Nous avons indiqué aux responsables de Vivendi Universal à quel point nous étions attachés à ce que ces maisons d'édition restent dans le giron du patrimoine industriel, éditorial et culturel français, car elles représentent une part importante de notre mémoire et de notre partrimoine éditorial. Nous leur avons également dit que nous souhaitions que la France conserve, sur la scène internationale, une capacité stratégique en matière d'édition. Il ne s'agit pas non plus de faire preuve d'étroitesse d'esprit, de rester entre Français, entre nous, et de se priver de toute capacité d'intervention ou d'action sur la scène internationale.
Dans l'histoire culturelle de l'Europe, notre pays a été un grand pays d'édition. Il doit le rester. Il nous appartient bien sûr de faire valoir ces objectifs généraux en des termes compatibles avec la responsabilité financière et industrielle de ceux qui ont désormais la responsabilité de diriger Vivendi Universal.

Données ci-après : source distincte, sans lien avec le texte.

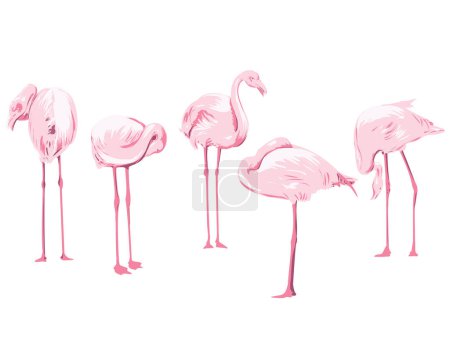Illustration for Art Deco or WPA poster art of a flock of flamingos or flamboyance viewed from side on isolated white background done in works project administration style. - Royalty Free Image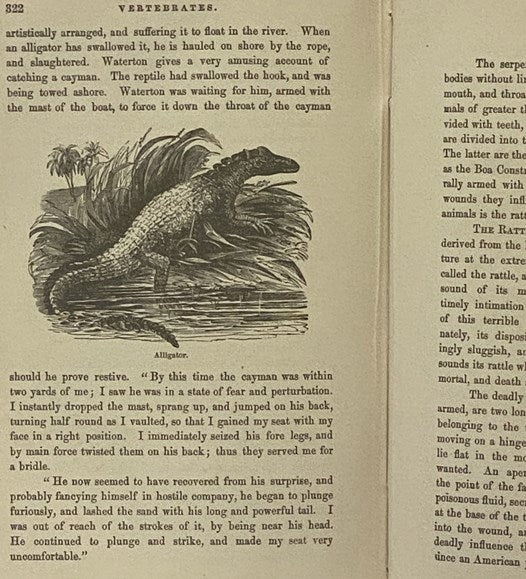 Illustrated Natural History: Comprising Descriptions of Animals, Birds, Fishes, Reptiles, Insects, Etc., with Sketches of Their Peculiar Habits and Characteristics. (New Edition.)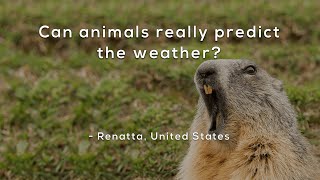 Can animals really predict the weather?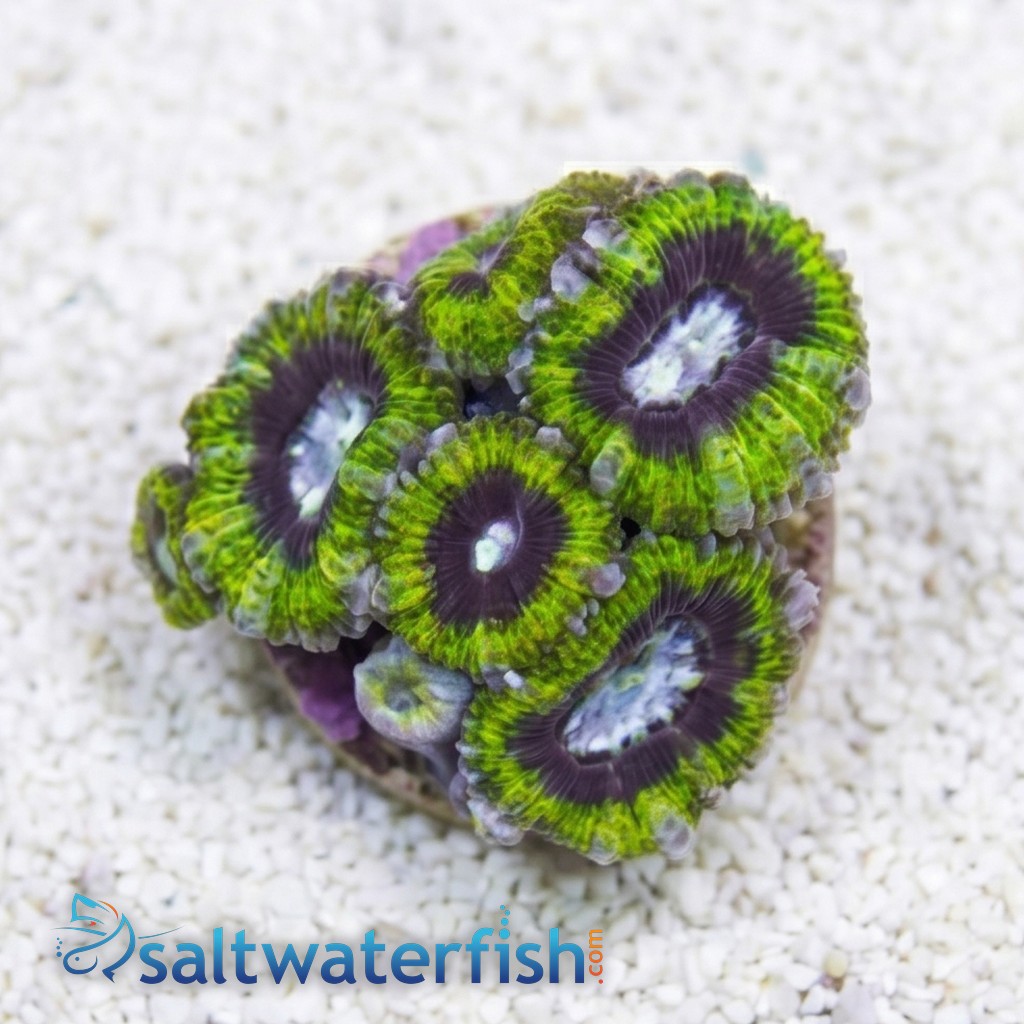 Acan Lord : Tri-Color :  Australia - Aquaucltured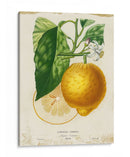 Limón Francés I - Studio W | Cuadro decorativo de Canvas Lab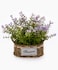 Dream Decor Decorative Artificial Flower Plant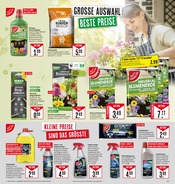 Aktueller Marktkauf Prospekt mit Blumenerde, "Aktuelle Angebote", Seite 25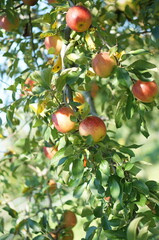 apples on tree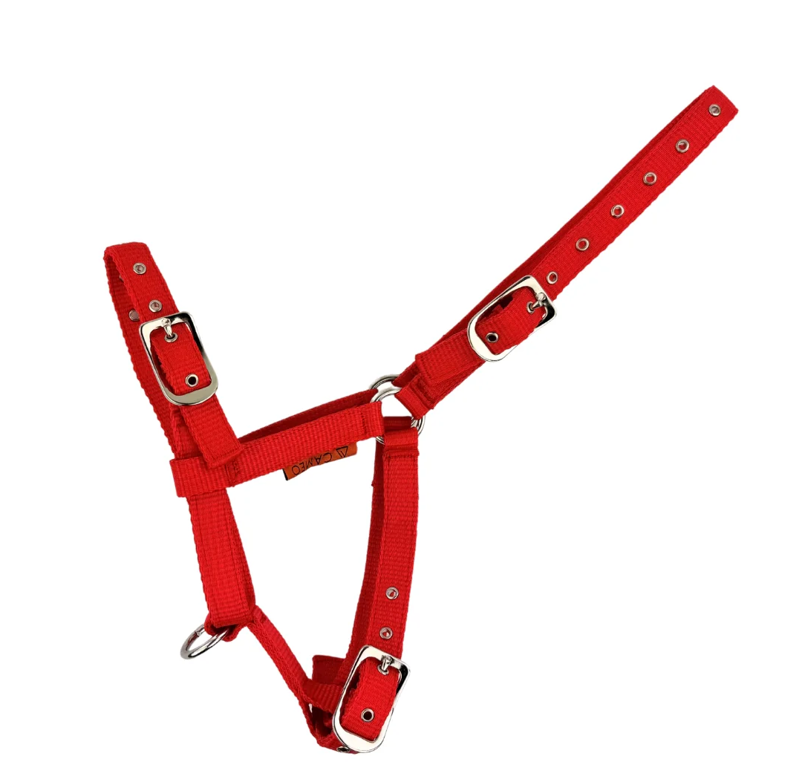 Cameo Foal Headcollar - Red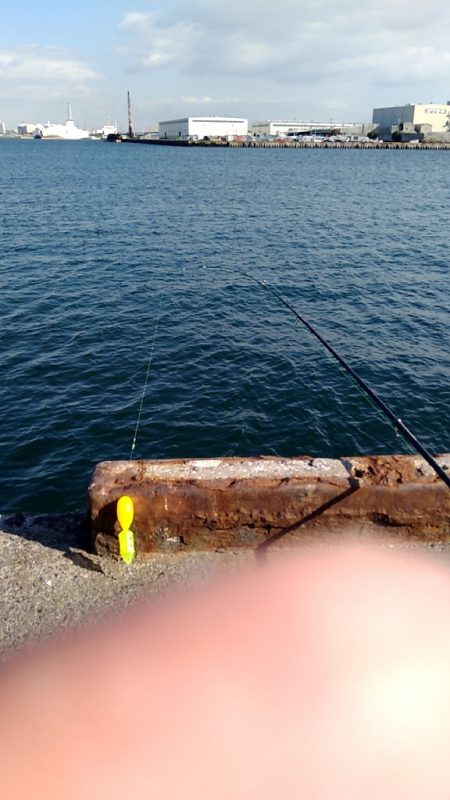 風が強いが好調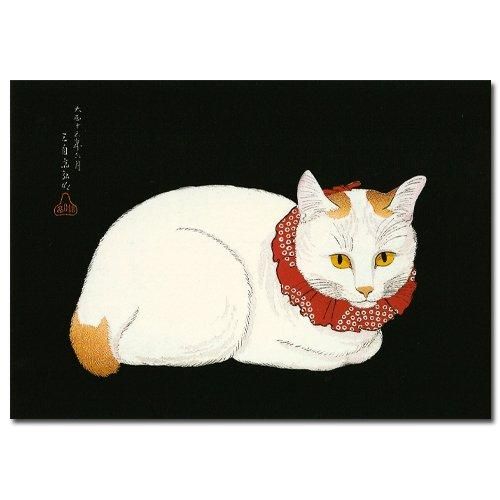 ポストカード 高橋弘明《白猫》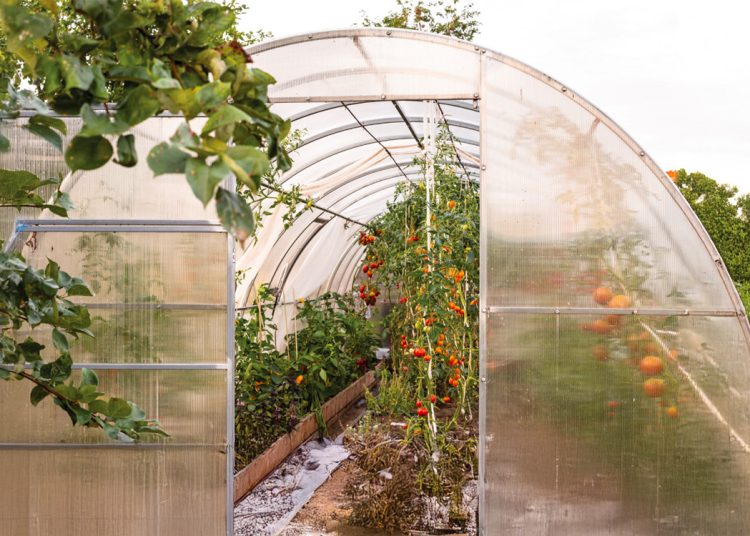 Αγροτικά: Ξεκινά πρόγραμμα ενίσχυσης για καλλιέργειες θερμοκηπίων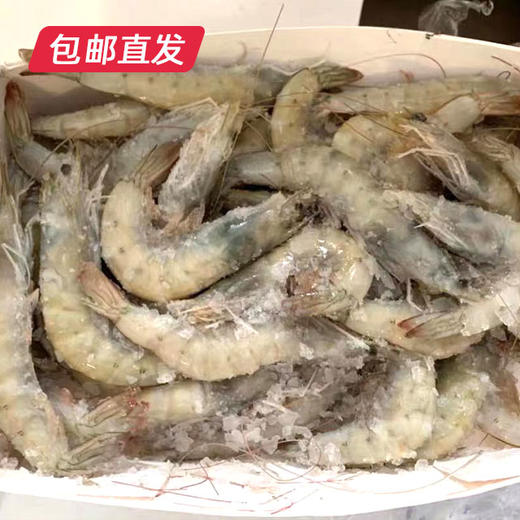 【海头渔夫】青岛海捕大鲜虾 鲜活速冻 4斤装（净重约3.5斤） 包邮直发 商品图2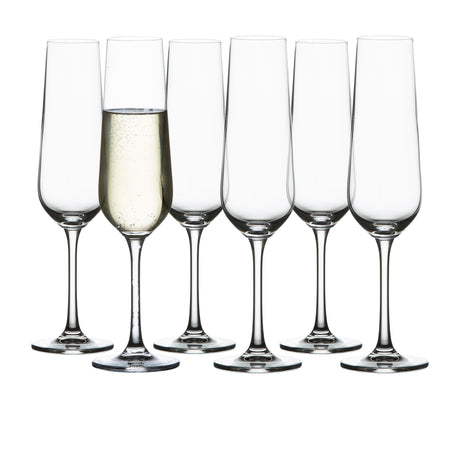 Salisbury & Co Sublime Champagne Flute Glass 200ml Set of 6 - Image 01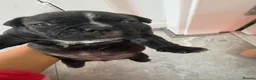 American Bully dogs for sale: **MICRO BULLY PUPPIES *** - Advert 19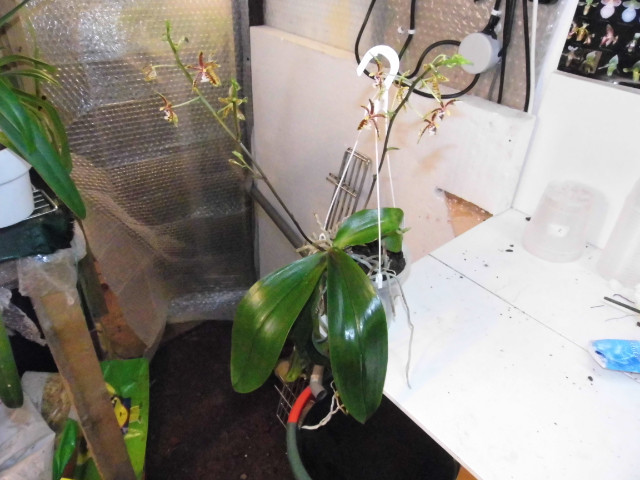 Phalaenopsis mannii 5h5al5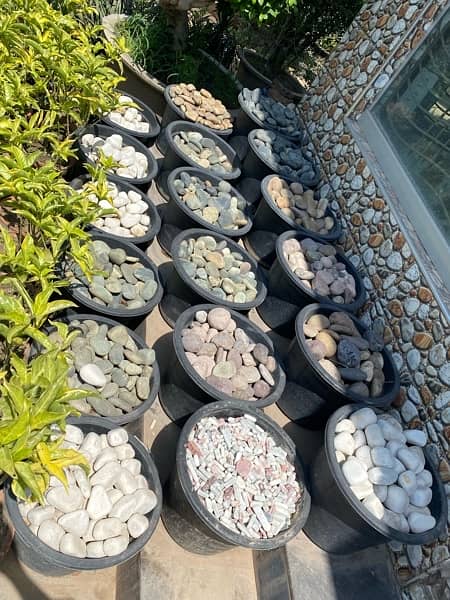 Stones for Pots 2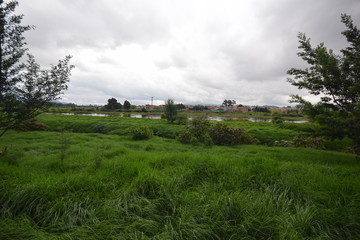 wetlands colombia humedales bogota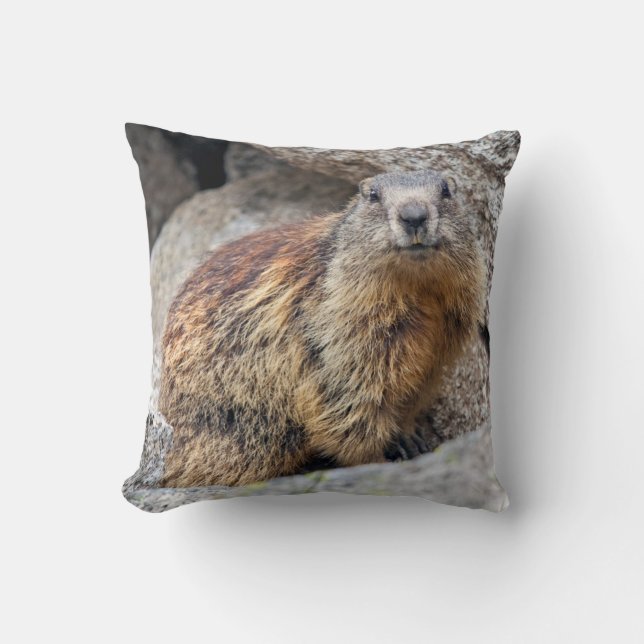 Den alpina marmoten kudder kudde (Framsida)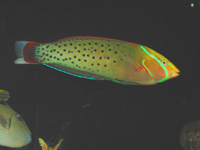 Green Coris Wrasse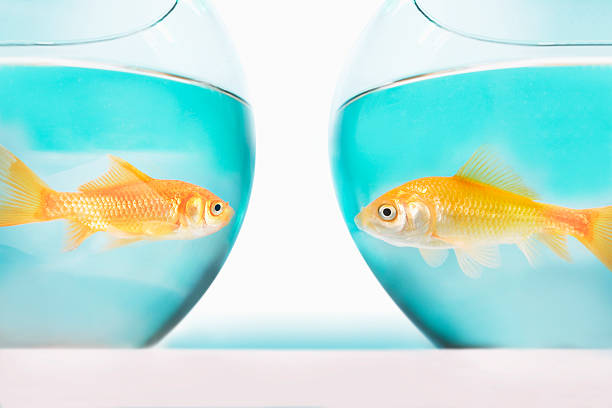 istock Two gold fish in bowls, side view 460520627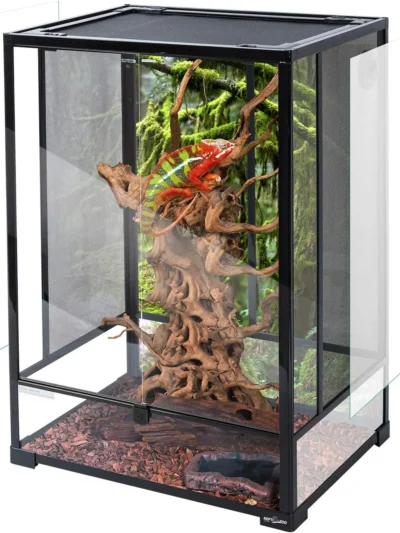 Reptile Tall Glass Terrarium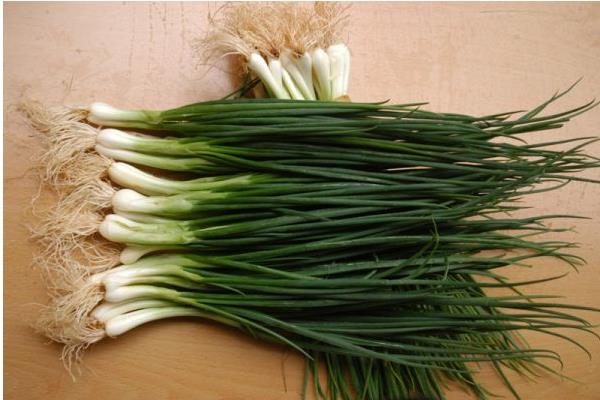 小香蔥市場價格多少錢一斤  小香蔥的作用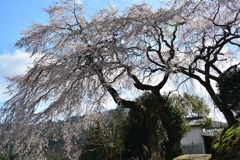 庄屋の桜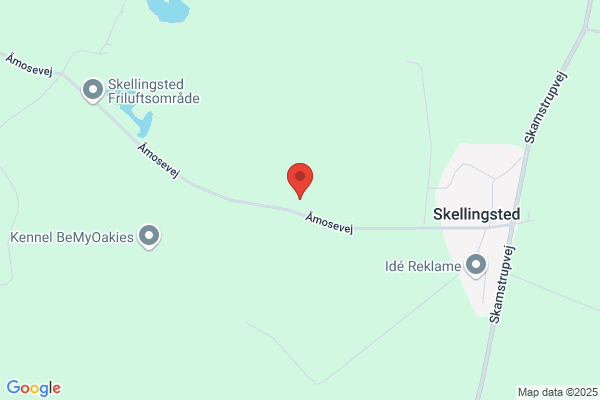 Skellingsted Vandværk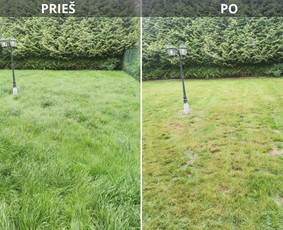 Žolės Pjovimas Su Trimeriu Ir Žoliapjove / Mindaugas / Darbų pavyzdys ID 3989193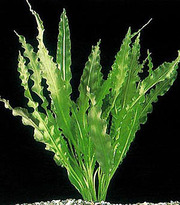 Аквариумные растения - апоногетон живородящий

M. le président. Personne ne demande plus la parole ?...
Je mets aux voix l'ensemble du projet de loi.

(Le projet de loi est adopté.)
M. le président. Je constate que ce texte a été adopté à l'unanimité. (Applaudissements.)
Ce débat était empreint d'une grande sérénité, grâce à vous, monsieur le ministre, monsieur le président de la commission, monsieur le rapporteur, et à vous tous, mes chers collègues.